Numerous factors have been discussed that could cause this increase in seizure frequency and/or severity, including repeated head trauma, aerobic exercise, hyperventilation, physical and psychological stress, and changes in antiepileptic drug metabolism.[30] Fear that increasing aerobic exercise may exacerbate seizures was magnified by several case reports of patients whose seizures were "triggered" by exercise.[53,55,57,68] Because hyperventilation has been shown to trigger absence seizures when performed at rest during a routine electroencephalography study, it was extrapolated that seizures could also be triggered during exercise-induced hyperventilation. Differences in the physiology of resting compared with exercise-induced hyperventilation make this unlikely. Increased metabolic demand during exercise is the cause of increased respiratory effort, a compensatory response to avoid hypercapnia. This is in contrast to the hypocapnia induced by resting hyperventilation that results in cerebral vasoconstriction. This promotes alkalosis and can make absence-related abnormalities found on electroencephalography studies more pronounced. Because the increased respiratory effort during exercise is a response to acidosis, it has the opposite effect of causing the relative suppression of abnormalities seen on electroencephalography. In fact, exercise-induced hyperventilation may even produce a refractory period that can delay the activating effects of resting hyperventilation.[29,34] The current thinking is that, although exercise does initiate exacerbation of seizures in rare cases, on average it reduces seizure frequency during prospective formal evaluation.[28,54] In fact, interictal epileptiform activities remained unchanged or decreased during or immediately after exercise in the majority of patients studied, even in some patients with exercise-associated seizures.[29,34,55] Additionally, because of the general health and psychological benefits of aerobic exercise, it is recommended for most patients, although it must be recognized that this type of exercise will trigger seizures in some.

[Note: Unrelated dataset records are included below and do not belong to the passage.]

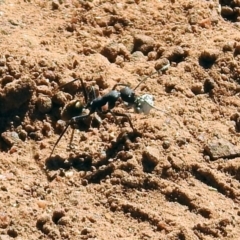 Camponotus suffusus at Majura, ACT - 12 Apr 2020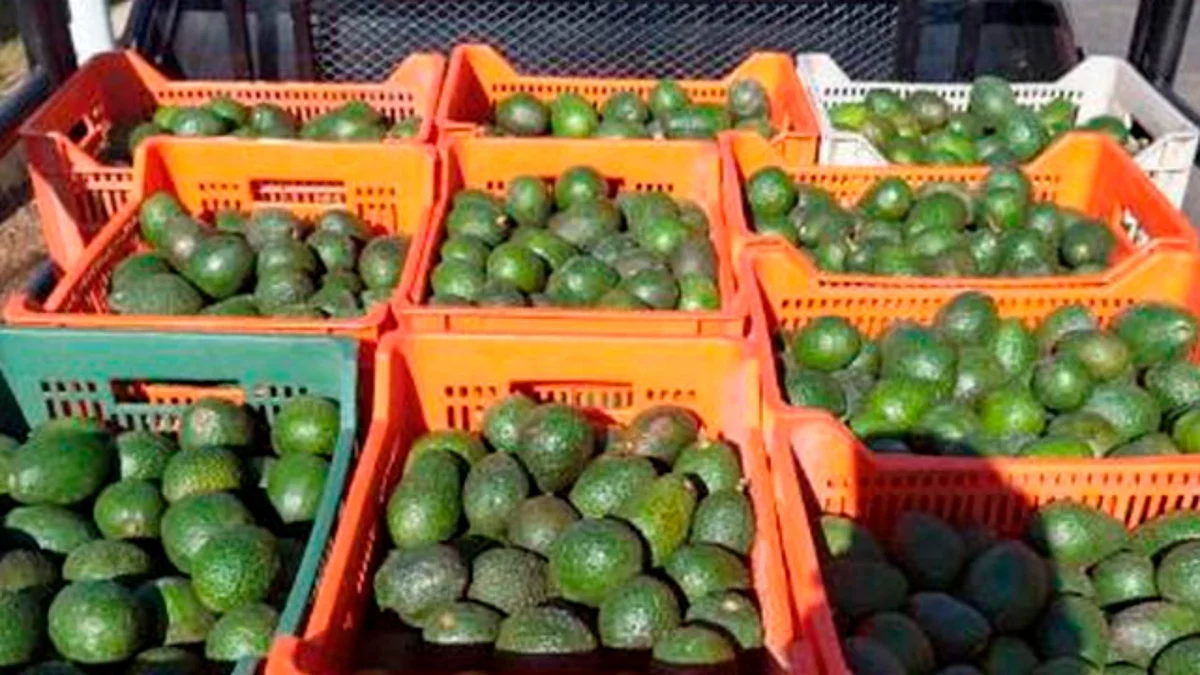 En Uruapan, detienen a tres en posesión de 875 kilos de aguacate ilícito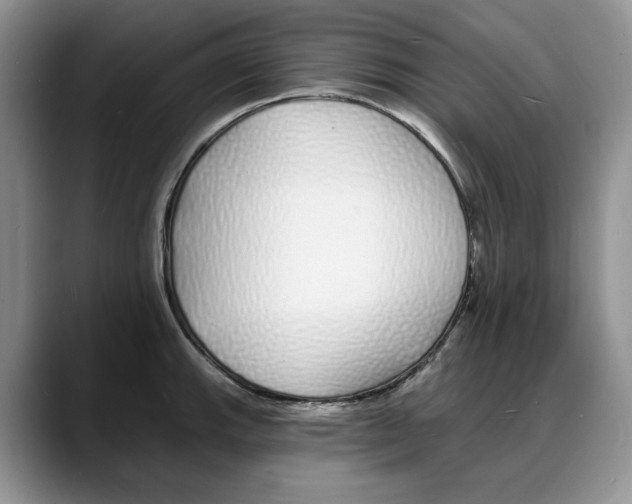 X0000088021143200706081436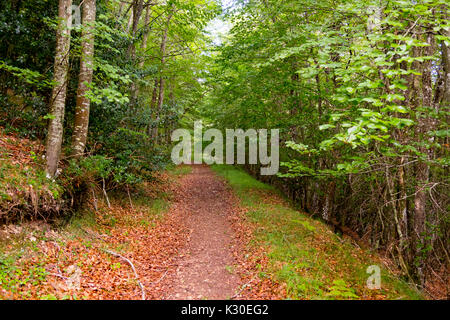 Bois de hêtre (Fagus sylvatica) forest. Nature Paysage, forêt de hêtres. Las Merindades County Burgos, Castille et Leon, Espagne, Europe Banque D'Images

An additional consideration in this population is the effect of exercise on drug metabolism. It is well known that exercise induces hepatic microsomal enzymes. This can result in an increase in medication clearance, requiring a dose adjustment to maintain efficacy.[26,31] In addition, the release of fatty acids may compete for protein binding sites and displace anticonvulsant medications, leading to a higher free fraction of highly protein-bound drugs.[30]

Current opinion is that participation in contact or collision sports benefits individuals with epilepsy in many ways, including improvements in seizure control, mood, and quality of life. Contact sports such as football, hockey, and soccer have not been shown to induce seizures, and athletes with epilepsy should not be prohibited from participation.[37] There is little evidence to justify summarily excluding patients with epilepsy from most sports, but some common sense rules apply.[13,30,33,80] Obviously, care must be taken in sports involving heights, such as gymnastics,[37] and athletes with epilepsy must be evaluated on an individual basis; however, no significant evidence exists to suggest that contact sports are harmful to these individuals.